28/8/2014 – -30 heures avant le départ pour l’Angleterre
La chanson du moment: Sade – King of sorrow

Par où commencer? Avec quels mots décrire le bordel qui se trouve dans ma tête en ce moment? Comment expliquer le fait qu’une partie de moi-même est en pleine lutte contre une autre partie de moi-même, que mes émotions, mes sentiments, se confondent de manière à ce que toutes leurs différences, leurs contradictions prennent tout leur sens? Avec des mots, me direz-vous. Je suis partagée entre deux sentiments: l’excitation, l’envie de déployer les voiles de mon bateau sur l’océan de rêves que me promet l’avenir, et puis la tristesse, ou plutôt dirais-je la nostalgie des instants passés, du connu, du vécu, de ma petite zone de confort, en somme. Les derniers jours passés ici ont été riches en émotions.
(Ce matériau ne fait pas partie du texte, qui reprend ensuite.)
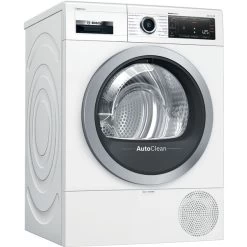Bosch WTX87MWIN Serie | 8, Wärmepumpen-Kondensationstrockner (weiß, Home Connect)
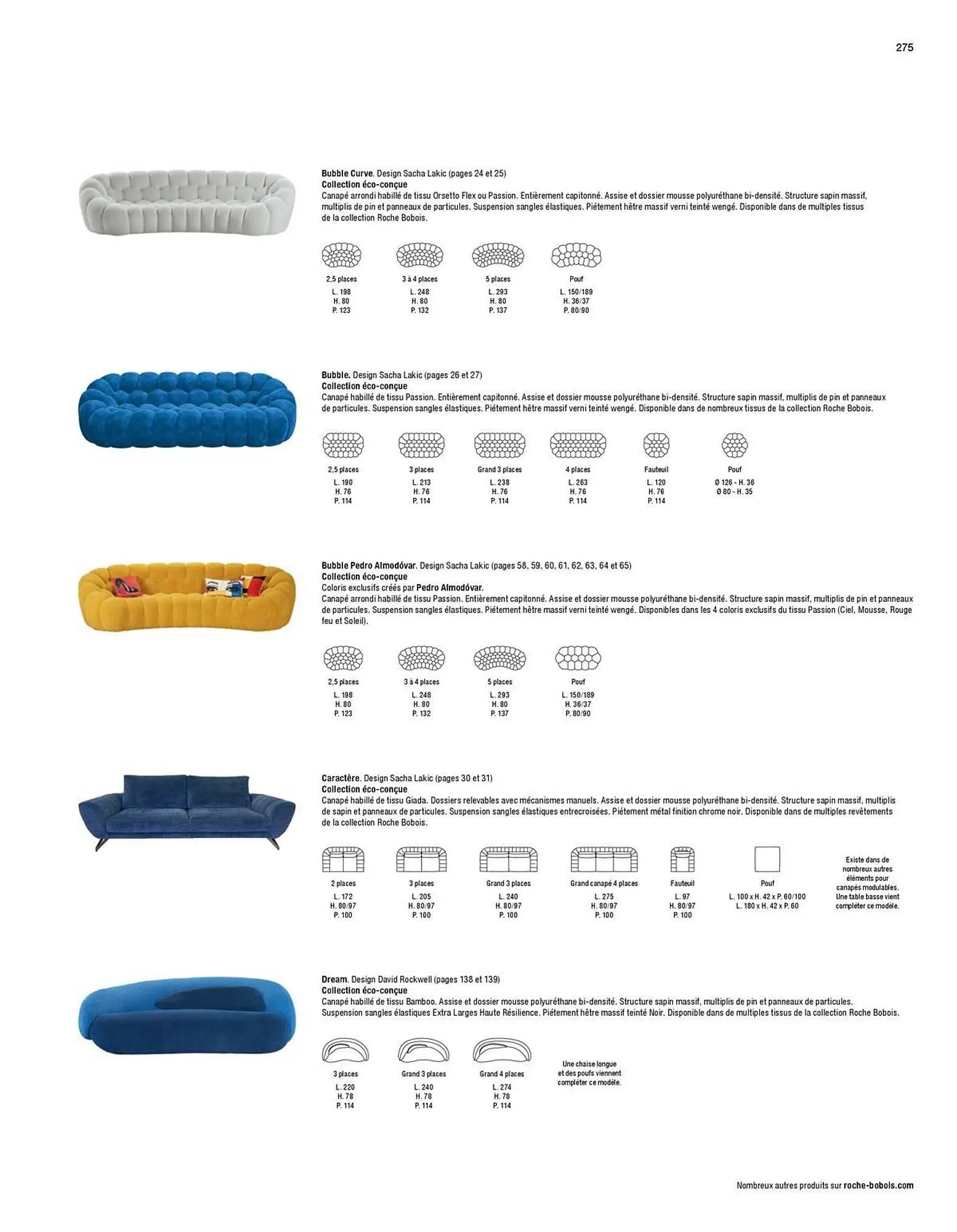 Catalogue Roche Bobois du 13 janvier au 31 décembre 2026 - Catalogue page 277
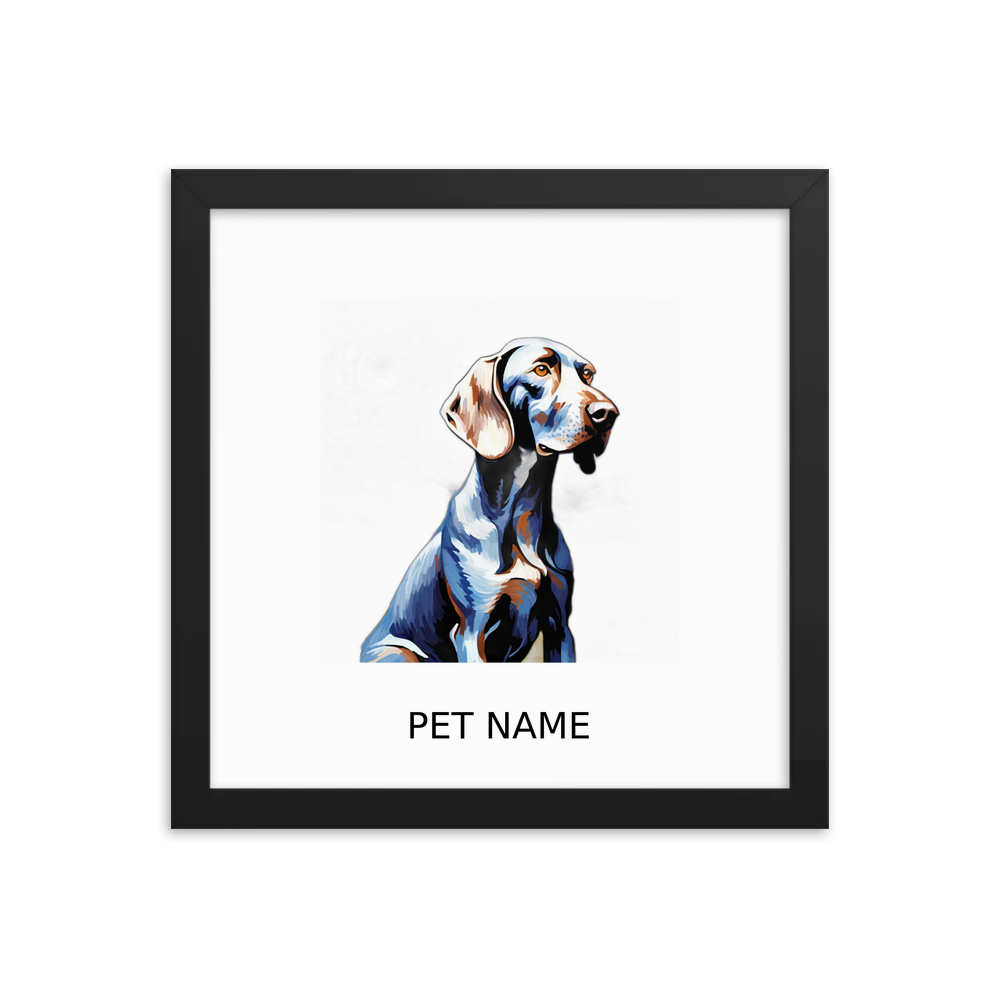 PugMug Custom Weimaraner Framed Print with Your Pet’s Name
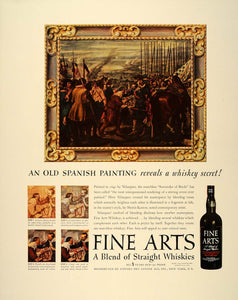 1941 Ad Fine Arts Whiskey Velazquez Surrender of Breda - ORIGINAL FT6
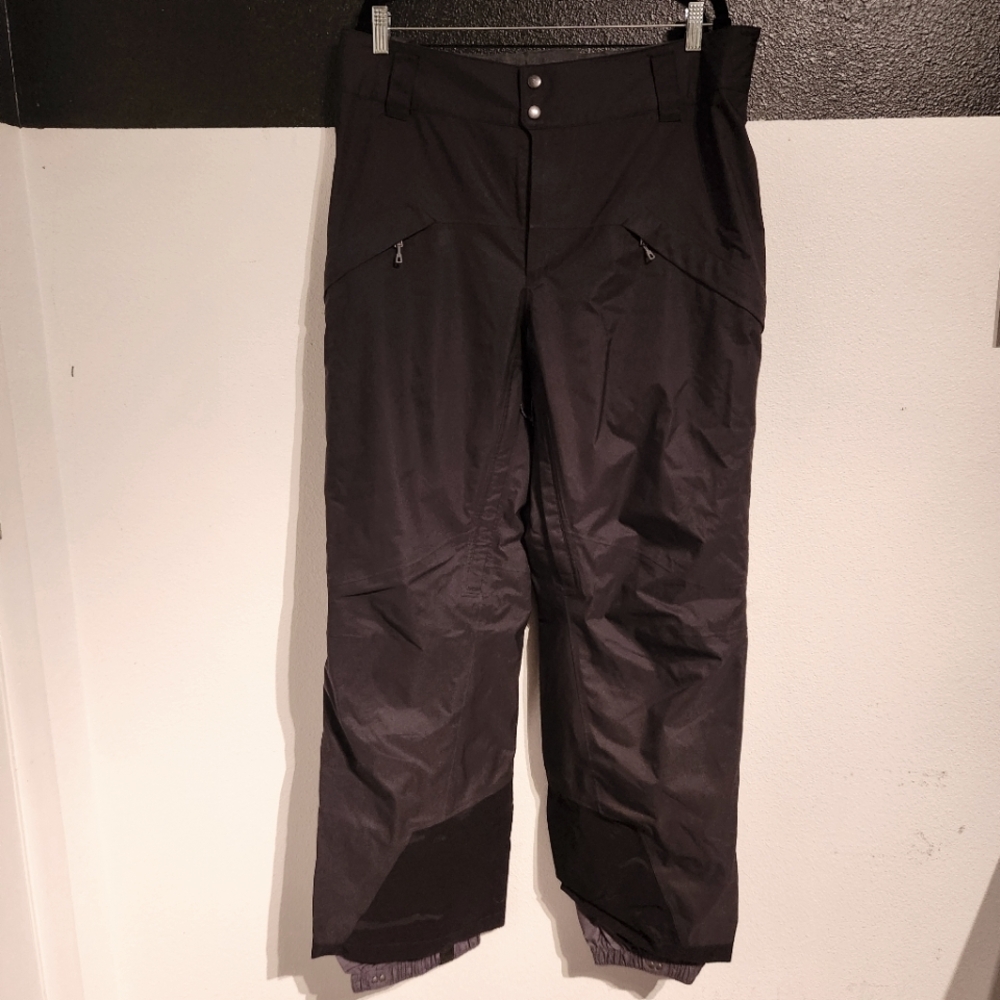 Patagonia Men's Charcoal Black Ski Pants Size XL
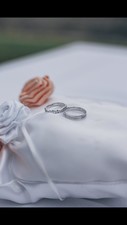 Doris White snubní prsteny z bílého zlata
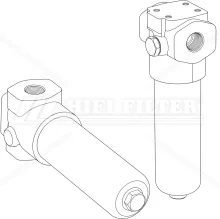 Teleso hydraulického filtra HIFI FILTER DPV 28PNSBGF10D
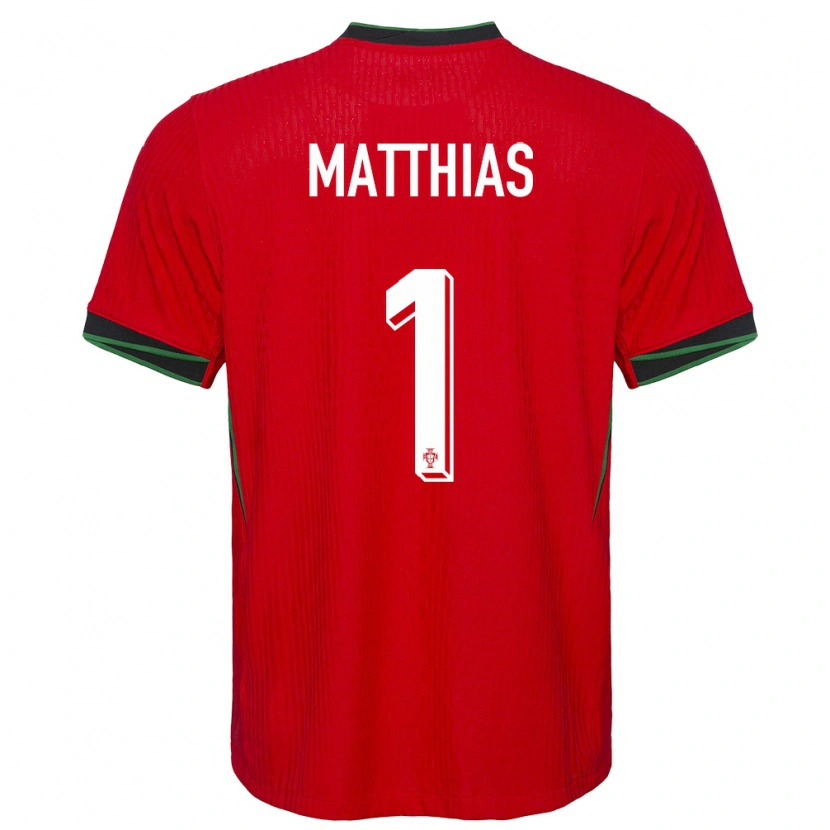 Danxen Män Portugal Matthias Da Silva #1 Röd Hemmatröja Matchtröjor 24-26 Tröjor T-Tröja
J’ai été la pièce-maîtresse de splendides retrouvailles et de très belles rencontres, d’aurevoirs déchirants, d’accolades réconfortantes, de sourires bienveillants, de mots rassurants. Alors maintenant qu’amis et familles sont rentrés chez eux, que ma maison presque vide ne diffuse plus que le bruit répétitif de mon sèche-linge qui effectue ces dernières minutes de dur labeur,le syndrôme post-dourien fait son retour, me rendant plus fragile que jamais, bien que déterminée au possible à conquérir ce pays, cette ville que je compte faire miens, qui sont pleins de possibilités et de promesses.

 

tumblr_n0wa218szg1rl54gzo1_500Ma valise bouclée, mes cadeaux emballés, mes sacs fermés et les aurevoirs terminés, ce sera donc l’esprit tranquille que je quitterai ce qui a été une belle époque de ma vie, pour m’en approprier une autre. Après tout, combien de personnes ont l’occasion de vivre leurs rêves dans une vie? Combien de personnes voient un jour leurs plus profonds désirs se concrétiser, prendre vie? Comment y accéder, sinon en faisant quelques sacrifices. Certes il faut lâcher quelques objets du haut de la montgolfière, si l’on veut qu’elle reprenne de la hauteur. Bien sûr, on n’est jamais certains des paysages qu’elle pourra nous délivrer, à 6000 pieds au-dessus des mers. Mais il n’y a qu’une certitude: c’est que sans ces sacrifices, on n’aura jamais l’occasion de le savoir. Ma montgolfière prête à s’envoler n’attend plus que moi. C’est donc avec un petit pincement au cœur que je vous dis aurevoir, ou plutôt à bientôt.